If the going gets tough

Stanley Kubricks ältester noch erhältlicher Film im Metropolis: Der schwarze Gangsterfilm The Killing kennt viele Verlierer – und bloß einen Gewinner  ■ Von Christiane Müller-Lobeck

Es spielt keine Rolle: Wie schlau Männer auch sind, mit welcher Brillianz sie auch das große Ding planen – sei es ein Raub, ein Mord, das Einschlagen der kürzesten Strecke zum Kino oder ein Beratungsgespräch in der Bank – alles was es braucht, um noch den schönsten Plan zunichte zu machen, ist einzig und allein die Durchtriebenheit einer Frau. Dieser Binsenweisheit aus der Nachkriegszeit des letzten Jahrhunderts gaben seinerzeit zahlreiche pulp fiction-Romane eine Form, für ihre kunstvolle Überlieferung bis in die heutige Zeit sorgte der Film noir.

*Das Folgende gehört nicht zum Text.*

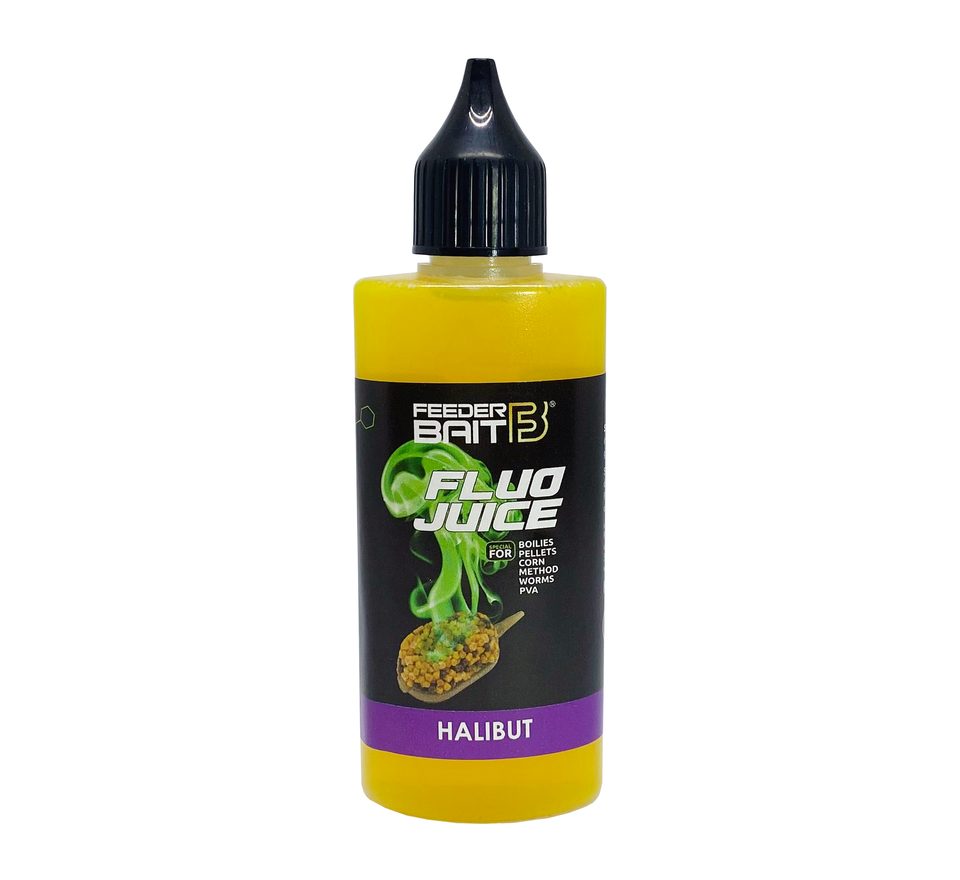 FeederBait Dip Fluo Juice 50ml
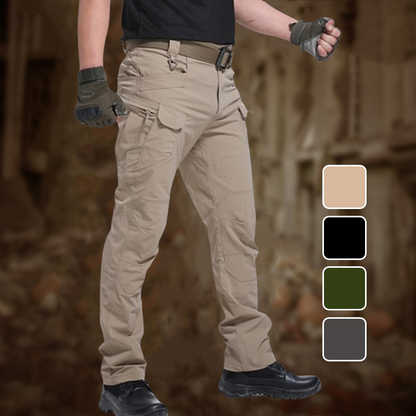 💎 STOCK LIMITÉ! 60% DE RÉDUCTION! 💎 Pantalon Tactique Tout-Terrain – Séchage Rapide, Grandes Poche & Extensible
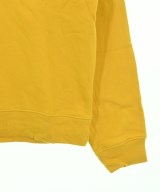 BEAMS BOY（ビームスボーイ）スウェット 黄 サイズ:S レディース/2200681965096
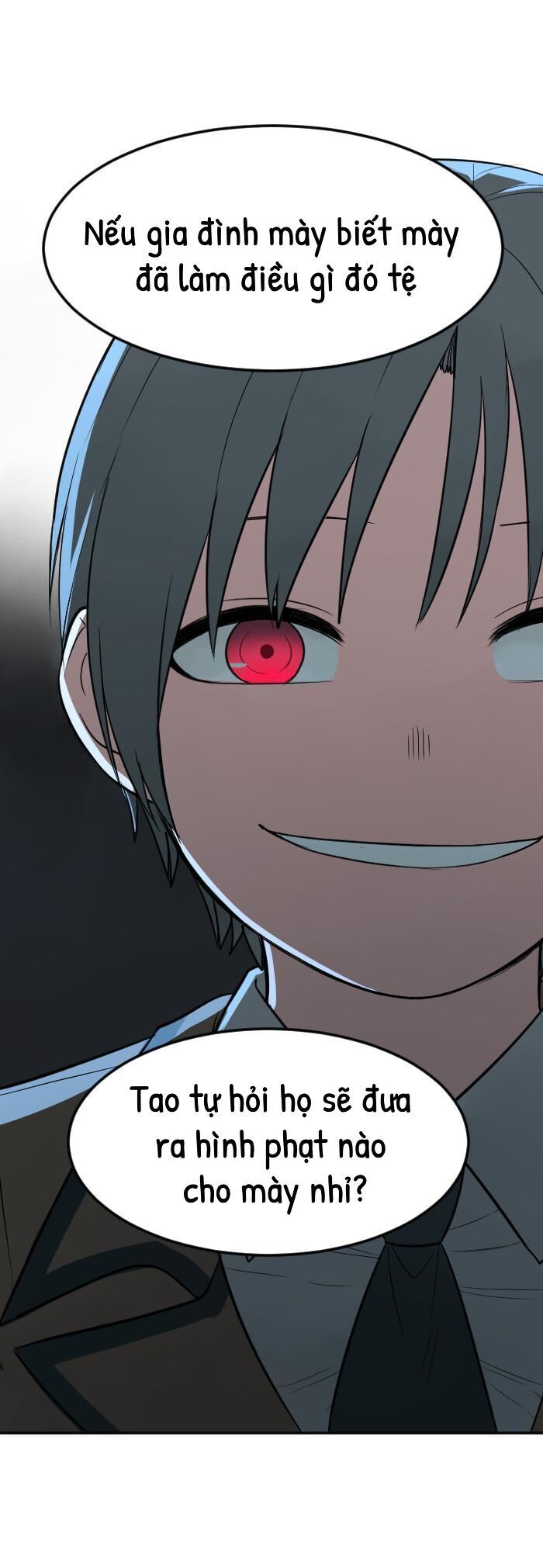 Good/Bad Fortune Chapter 118 - Trang 2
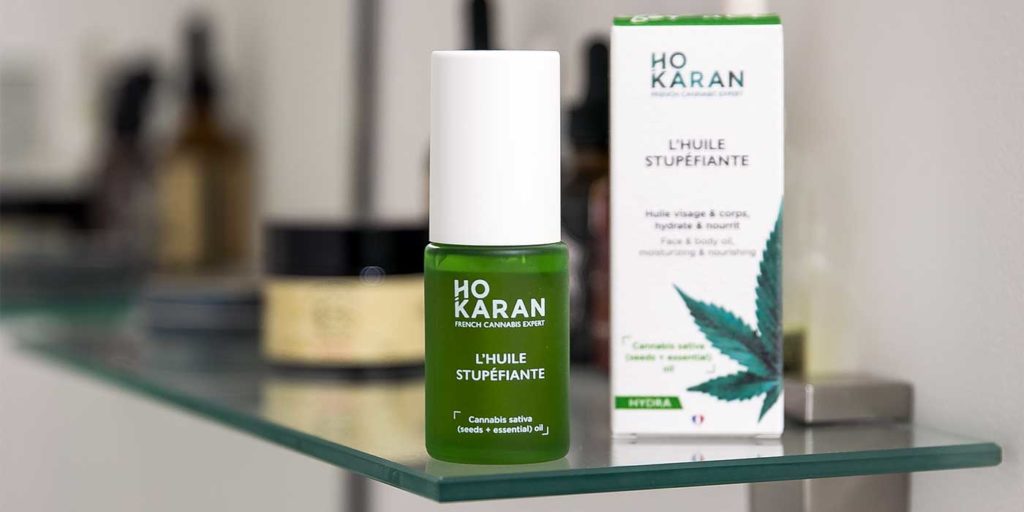 ho karan huile multiusages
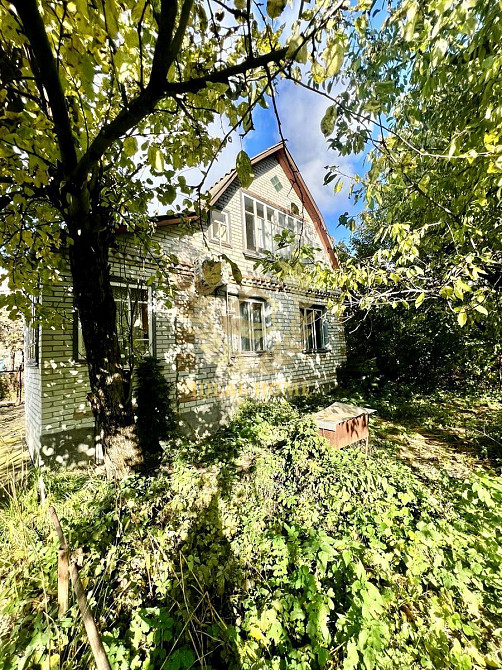 Продаж Будинок 4-кімнатний Ukrainka - photo 1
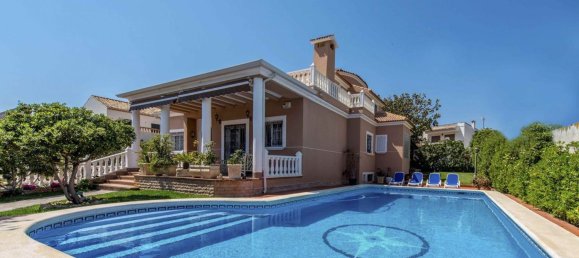 Casa de 6 dormitorios en Torrevieja, Spain No. 94576 3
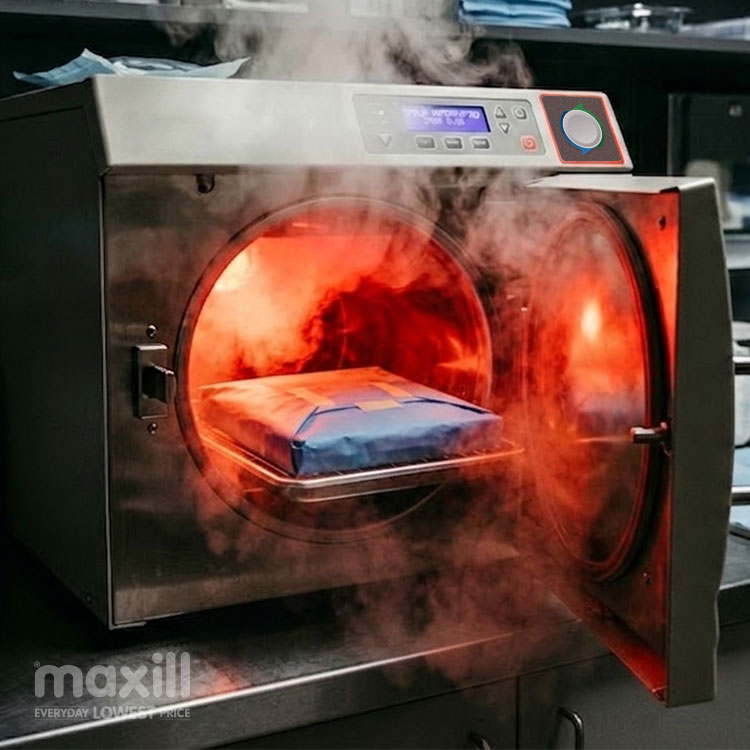 When SMMS Wrap Melts: A Troubleshooting Guide for Dental Offices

Auch Stanley Kubricks dritter Spielfilm, The Killing (Die Rechnung ging nicht auf), basiert auf einem jener Schundromane. Doch nicht nur Lionel White, sein Autor, sondern auch Jim Thompson – ebenfalls ein pulp fiction-Schreiber und verantwortlich für die Dialoge – hinterließ sehr deutlich seine fatalistischen Spuren in dem Film. Zusammen gaben sie den Verlierertypen in The Killing ein Profil.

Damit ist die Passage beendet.